(Dataset excerpts begins)
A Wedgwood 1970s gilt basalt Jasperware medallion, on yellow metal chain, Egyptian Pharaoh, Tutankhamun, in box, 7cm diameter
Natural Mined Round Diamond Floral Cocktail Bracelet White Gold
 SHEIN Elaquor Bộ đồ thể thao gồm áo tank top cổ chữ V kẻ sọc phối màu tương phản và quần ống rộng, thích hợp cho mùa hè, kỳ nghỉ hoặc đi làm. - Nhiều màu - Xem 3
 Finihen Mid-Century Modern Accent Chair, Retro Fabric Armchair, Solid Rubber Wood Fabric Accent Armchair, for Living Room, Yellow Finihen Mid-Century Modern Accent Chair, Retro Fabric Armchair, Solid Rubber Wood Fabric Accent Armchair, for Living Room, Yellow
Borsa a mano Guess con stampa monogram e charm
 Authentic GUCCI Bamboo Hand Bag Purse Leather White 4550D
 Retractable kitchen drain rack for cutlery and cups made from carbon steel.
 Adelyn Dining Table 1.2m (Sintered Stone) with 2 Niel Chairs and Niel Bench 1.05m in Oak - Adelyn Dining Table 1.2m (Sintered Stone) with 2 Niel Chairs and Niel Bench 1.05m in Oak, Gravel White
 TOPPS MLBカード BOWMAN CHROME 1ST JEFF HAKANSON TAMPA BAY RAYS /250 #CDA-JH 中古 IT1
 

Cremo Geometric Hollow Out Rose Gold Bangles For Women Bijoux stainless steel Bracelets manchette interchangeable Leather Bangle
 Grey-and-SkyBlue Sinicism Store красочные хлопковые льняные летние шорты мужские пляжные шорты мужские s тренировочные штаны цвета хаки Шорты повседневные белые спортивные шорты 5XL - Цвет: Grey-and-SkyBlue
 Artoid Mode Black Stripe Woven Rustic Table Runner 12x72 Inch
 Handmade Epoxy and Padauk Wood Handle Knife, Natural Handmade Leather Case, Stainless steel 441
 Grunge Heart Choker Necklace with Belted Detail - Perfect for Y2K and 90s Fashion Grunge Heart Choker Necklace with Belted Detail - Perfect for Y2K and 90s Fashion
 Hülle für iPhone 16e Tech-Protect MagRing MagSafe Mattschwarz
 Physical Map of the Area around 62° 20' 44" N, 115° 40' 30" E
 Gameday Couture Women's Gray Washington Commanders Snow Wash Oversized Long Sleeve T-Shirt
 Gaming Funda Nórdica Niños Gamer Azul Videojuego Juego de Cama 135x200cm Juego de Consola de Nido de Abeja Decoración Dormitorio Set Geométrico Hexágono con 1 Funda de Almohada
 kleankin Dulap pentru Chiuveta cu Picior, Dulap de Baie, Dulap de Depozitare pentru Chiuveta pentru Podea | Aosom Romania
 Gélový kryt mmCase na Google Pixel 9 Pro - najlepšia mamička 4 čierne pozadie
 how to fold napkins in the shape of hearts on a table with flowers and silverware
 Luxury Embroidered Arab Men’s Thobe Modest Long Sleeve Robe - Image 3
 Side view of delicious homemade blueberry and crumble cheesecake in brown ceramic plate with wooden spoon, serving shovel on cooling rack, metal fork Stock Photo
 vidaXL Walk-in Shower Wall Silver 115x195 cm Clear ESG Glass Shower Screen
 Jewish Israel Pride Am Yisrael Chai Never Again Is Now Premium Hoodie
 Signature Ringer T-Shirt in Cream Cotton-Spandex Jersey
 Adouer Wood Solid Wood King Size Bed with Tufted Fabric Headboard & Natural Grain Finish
(Dataset excerpts ends)
- _Instructions for the task_
Repeat the lines from the first one in the records through the line containing "SHEIN Elaquor Bộ", exactly as written, and nothing else.

- _Response area_
A Wedgwood 1970s gilt basalt Jasperware medallion, on yellow metal chain, Egyptian Pharaoh, Tutankhamun, in box, 7cm diameter
Natural Mined Round Diamond Floral Cocktail Bracelet White Gold
 SHEIN Elaquor Bộ đồ thể thao gồm áo tank top cổ chữ V kẻ sọc phối màu tương phản và quần ống rộng, thích hợp cho mùa hè, kỳ nghỉ hoặc đi làm. - Nhiều màu - Xem 3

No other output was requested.